EXERCISE:
Every record below is to be retyped exactly, with any pictures left out.

GIVEN ENTRIES:

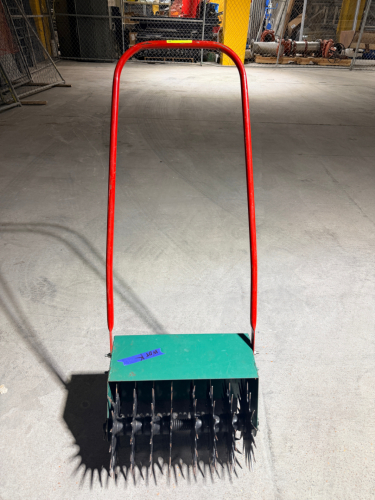 MANUAL PUSH-TYPE SPIKE AERATOR WITH MULTIPLE STEEL STAR-SHAPED SPIKE WHEELS, SPRING-LOADED AXLE ASSEMBLY, STEEL HOUSING, AND LONG TUBULAR PUSH HANDLE.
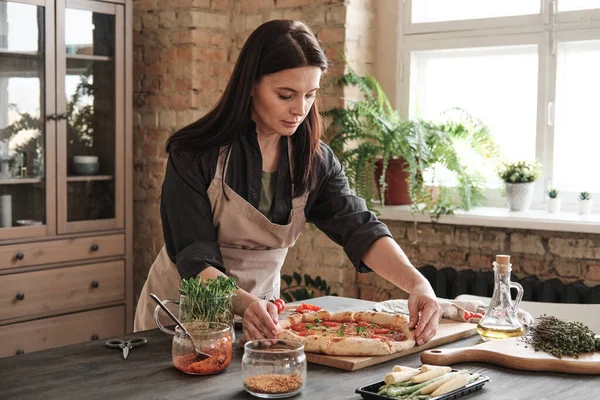 stock image Attractive brunette woman in apron standing at kitchen counter and adjusting pizza on board while preparing it for dinner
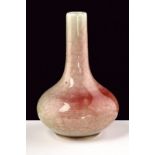 A fine peach bloom style glazed vase dating: 18th Century provenance: China Elegant, flattened, bulb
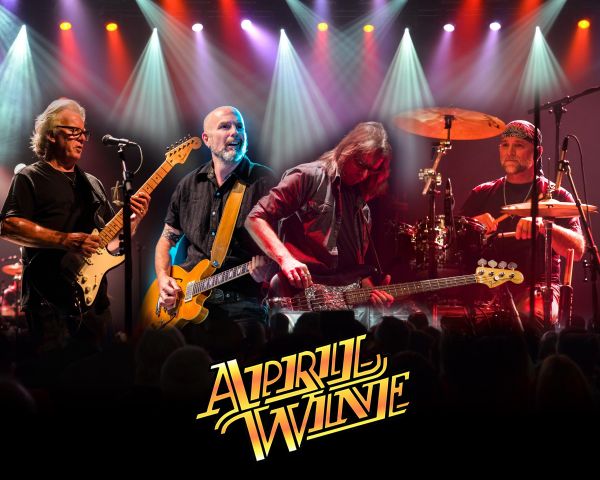 Rock band April Wine performing on stage under colorful spotlights, with guitars and drums visible and the band’s logo displayed at the bottom.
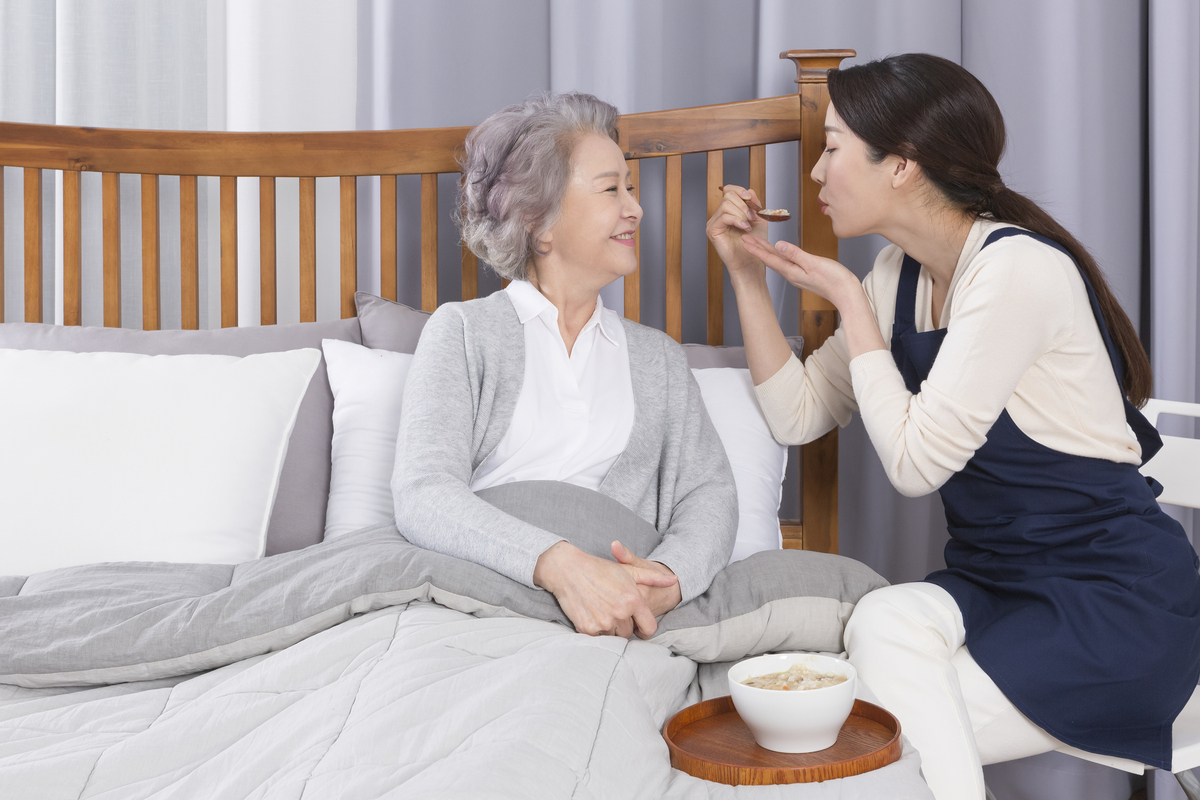 Asian caregiver and old woman at nursing home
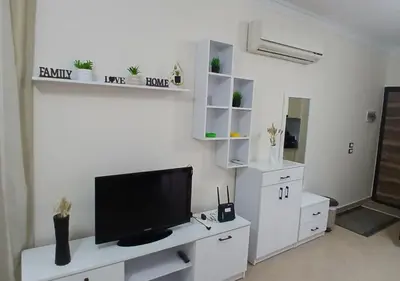 a living room with a tv on a white wall at Modern Apartment in the Britsh Resort in Hurghada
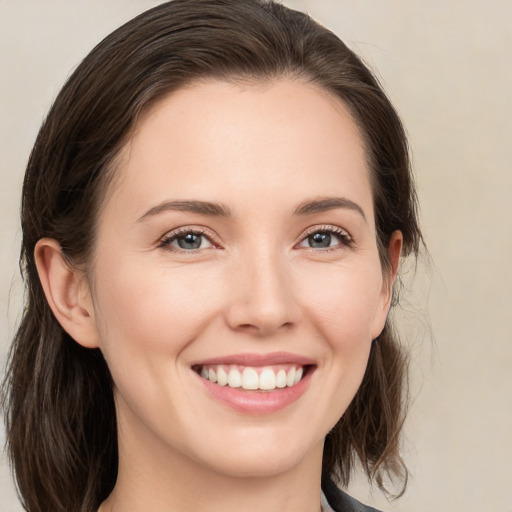 Joyful white young-adult female with medium  brown hair and brown eyes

OUTPUT FOR THIS TASK:
 MANUAL PUSH-TYPE SPIKE AERATOR WITH MULTIPLE STEEL STAR-SHAPED SPIKE WHEELS, SPRING-LOADED AXLE ASSEMBLY, STEEL HOUSING, AND LONG TUBULAR PUSH HANDLE.
 stock image Attractive brunette woman in apron standing at kitchen counter and adjusting pizza on board while preparing it for dinner
 A fine peach bloom style glazed vase dating: 18th Century provenance: China Elegant, flattened, bulb
 Rock band April Wine performing on stage under colorful spotlights, with guitars and drums visible and the band’s logo displayed at the bottom.
 Asian caregiver and old woman at nursing home
 a living room with a tv on a white wall at Modern Apartment in the Britsh Resort in Hurghada
 Joyful white young-adult female with medium  brown hair and brown eyes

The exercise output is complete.